Records for the exercise
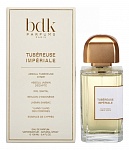 BDK Parfums Tubereuse Imperiale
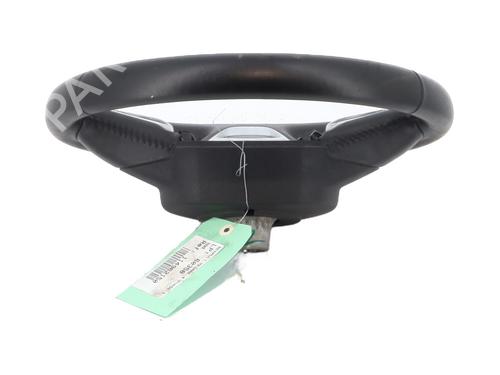 Steering wheel RENAULT MEGANE IV Hatchback (B9A/M/N_) 1.5 dCi 90 (B9A1) | BP30159581C49 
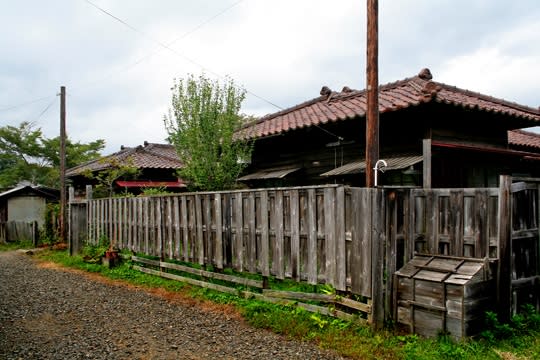 黒沢永紀オフィシャルブログ(旧・廃墟徒然草)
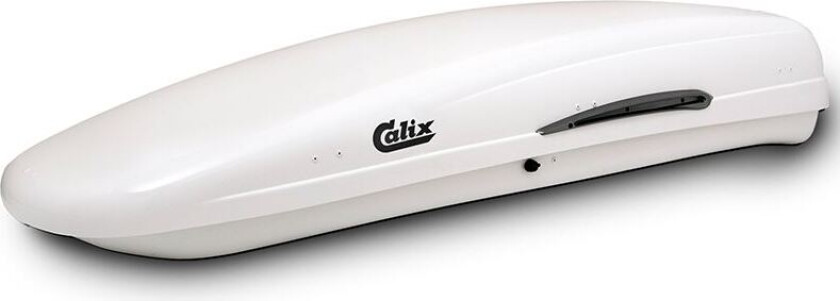 Aero Loader, Takbokser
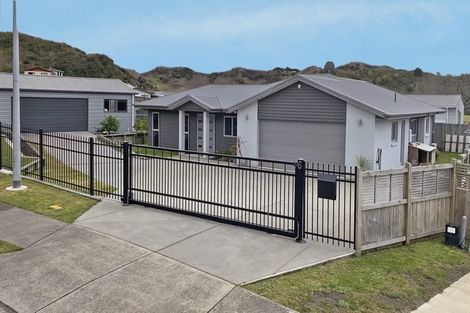Photo of property in 6 Owen Road, Kawerau, 3127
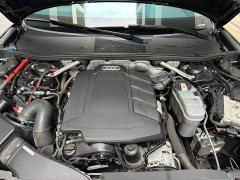 Audi A6L 40 TFSI Luxury Sport Edition - ფოტო 7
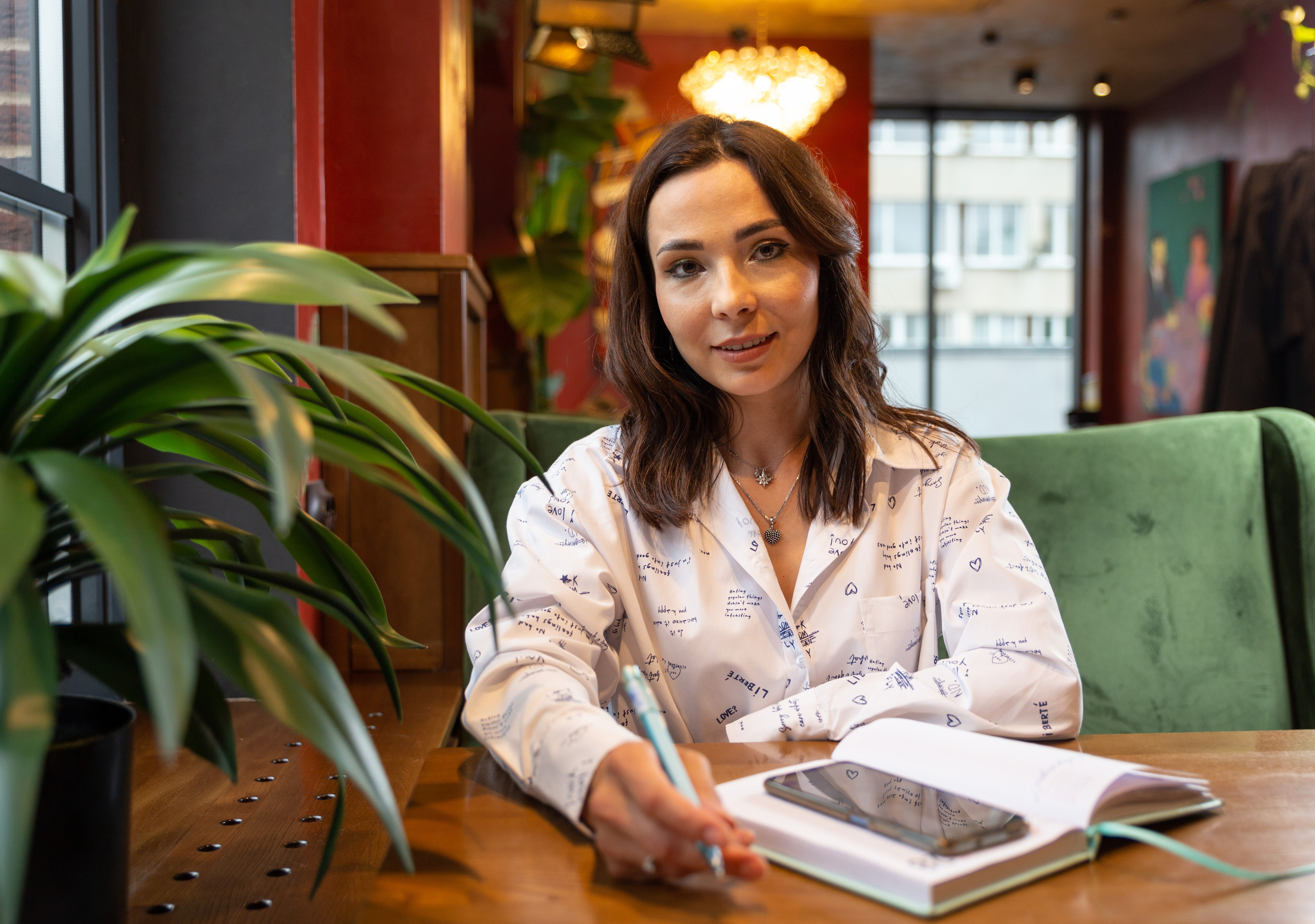 Контентная съёмка. Фотограф в Ростове Александр Градов — заказать услуги фотографа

What is needed
All lines from the one containing "Audi A6L 40" to the last line of the data above, both included, should be printed exactly, and the pictures should not appear.

Result
 Audi A6L 40 TFSI Luxury Sport Edition - ფოტო 7
 Контентная съёмка. Фотограф в Ростове Александр Градов — заказать услуги фотографа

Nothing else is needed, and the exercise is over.